Automotive technology Professor Tim Dell needed an electronic transmission shifter for a Lexus. Pittsburg State students enrolled in Automation 3: Immersive Experiences have taken up the project.  

Martin Tholstrup, junior in electronics engineering technology, is the team lead and project engineer.   

“…(Dell) hasn’t been able to operate it (the Lexus) and show it to his students because he doesn’t have any device that will shift through the different gears,” Tholstrup said. “We are basically combining automation with automotive…”  

Zachary Westfall, senior in the electrical engineering technology, is the lead electrician/assembler on the project.  
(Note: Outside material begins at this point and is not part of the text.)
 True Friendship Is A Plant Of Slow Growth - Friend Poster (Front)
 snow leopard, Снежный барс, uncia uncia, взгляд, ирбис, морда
“The entire Automation 3 class is assigned different tasks on the project,” Westfall said. “…The class has done a really good job at working together on the project and assessing different objectives that have to be met. There has also been a lot of shared knowledge about the project that has made getting parts for the project easier and wiring go smoothly.”  

In addition to Tholstrup and Westfall, there are six other students working on the project: Dedrick Cooper (lead physical designer), Trenton Allison (assistant electrician/assembler), Hayden Compton (lead automation engineer), Blake McCollough (assistant automation engineer), Kevin Birk (test engineer), and Josh Ray (documentation writer).  
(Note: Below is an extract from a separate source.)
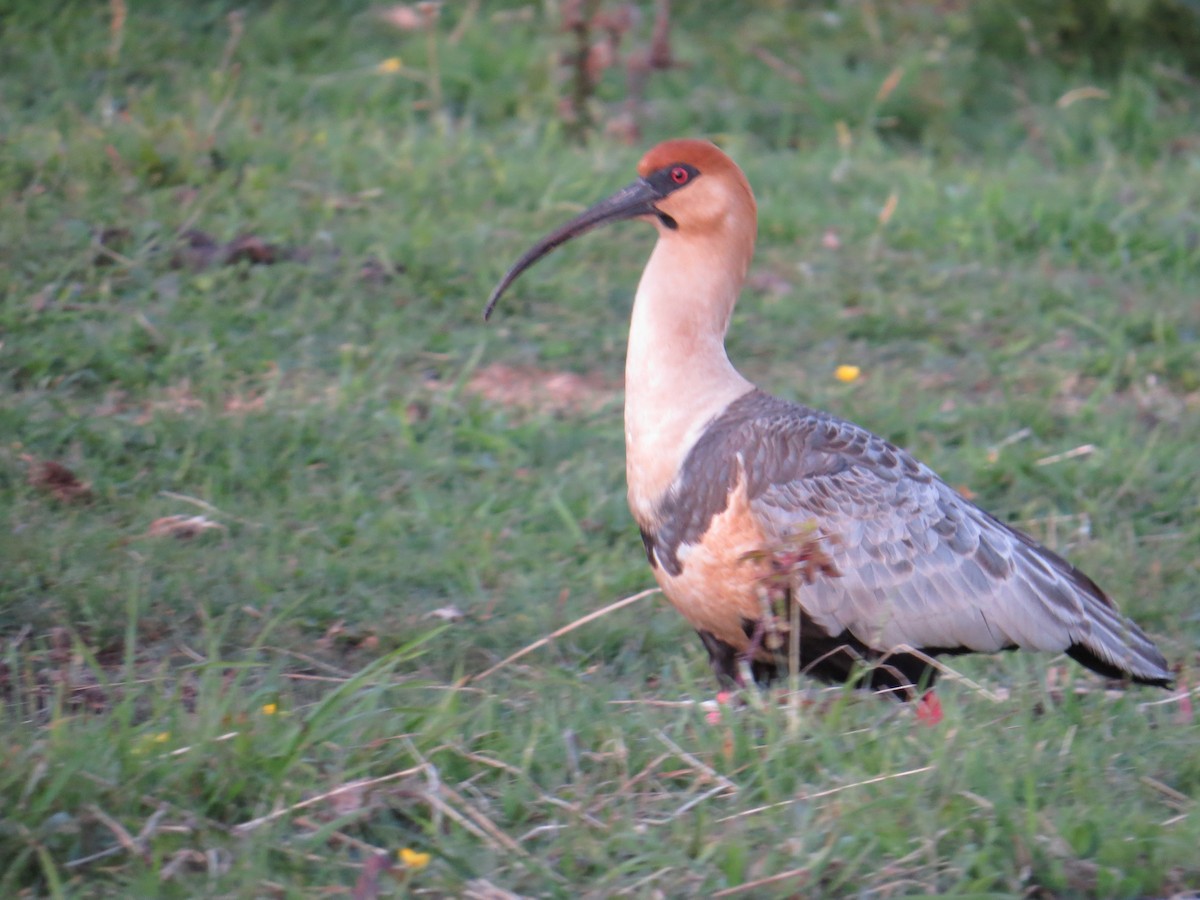 Black-faced Ibis - ML644759460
According to Westfall, the students working on the project have had opportunities to learn and grow.  

“Working on the project has given Automation 3 the chance to learn more about car transmissions and more unique applications of PLC logic devices,” Westfall said.  

Tholstrup also believes that the project has been a test for the students and that they’ve learned a lot.  

“We have probably used almost every bit of knowledge that we have gained from the two previous automation courses on this project,” Tholstrup said. “This project has forced us to think outside-the-box as we were given only the little information that Dr. Dell was able to provide due to the transmission being newer and the manufacturers not giving out information freely. Professor Shaver’s classes, especially this one, have taught us, or at least me, to look at a problem from multiple angles and try to find the best possible solution. I try to live by Prof. Shaver’s saying, ‘A problem well-stated is a problem half solved.’ I think the problem for most of us was just stating the problem well because of the lack of answers out on the internet. I even went to automotive repair shops trying to find answers.  

In particular, Tholstrup feels like a better leader after the experiences with this project.  

“This project has really shown me that being a leader, especially of a group of seven people, which I have never done before, is not easy. The hardest part for me has been keeping communication alive and well. My team has all had their fair share of hardships on this project, as well, but we have definitely come out more knowledgeable than we were before.”  

The students hope to have the control system installed and operational before the end of the semester.